LeaningIntoTheMuse said:
I hate it, too, but there's no escaping it. Women generally go after one type of man until their 30's, and by that time, at least 1/2 of them don't look as good anymore. So it's just something us unattractive guys have to put up with.

Wow. First of all that is not true. Not all women go after one type of man until their 30's, some do, some don't. Same thing with guys, some go after one type of women, some don't. And at least 1/2 of them don't look as good anymore? Really? Wow, again. And to claim to be unattractive and make a remark like that.

*shakes head*

Most women are the hottest in their early to mid 20's. This is the period when they go after the bad boys.

There are some women that aren't like this, but I'd like to find one who is "hot", knows it, and actually appreciates kindness instead of doucheness.
 
I lol.

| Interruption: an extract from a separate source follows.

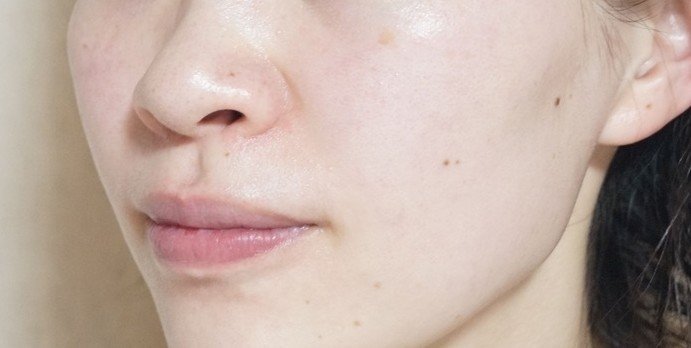 いちご鼻は一生治らないって思ってない どうしたら改善するの 美容ライターまめ Note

You're complaining about the "bad boys" getting the girls. Yet you want to find a girl who is "hot" and appreciates nice guys? How about a plain jane girl who appreciates us nice guys?

Besides, being a nice guy doesn't eliminate you from the pool.

Pardon if I misunderstood what you posted.
 
So, what you're arguing is that all the attractive girls are mean, and all the nice girls aren't hot, Ak?
 
It matters to me. You have to have sexual attraction to your partner.

I guess that's why these women date the bad boys.
 
Not all girls are attractive. At least, physically.

I mean, come on man. Would you date someone who you found physically repulsive?

All human beings are drawn to other human beings they find physically attractive.
 
I was quite frustrated when I wrote this. The first situation with the girl at work, I guess it wasn't too bad, I just take it in an insulting way when they talk about other guys in front of your face, especially to someone you've barely met.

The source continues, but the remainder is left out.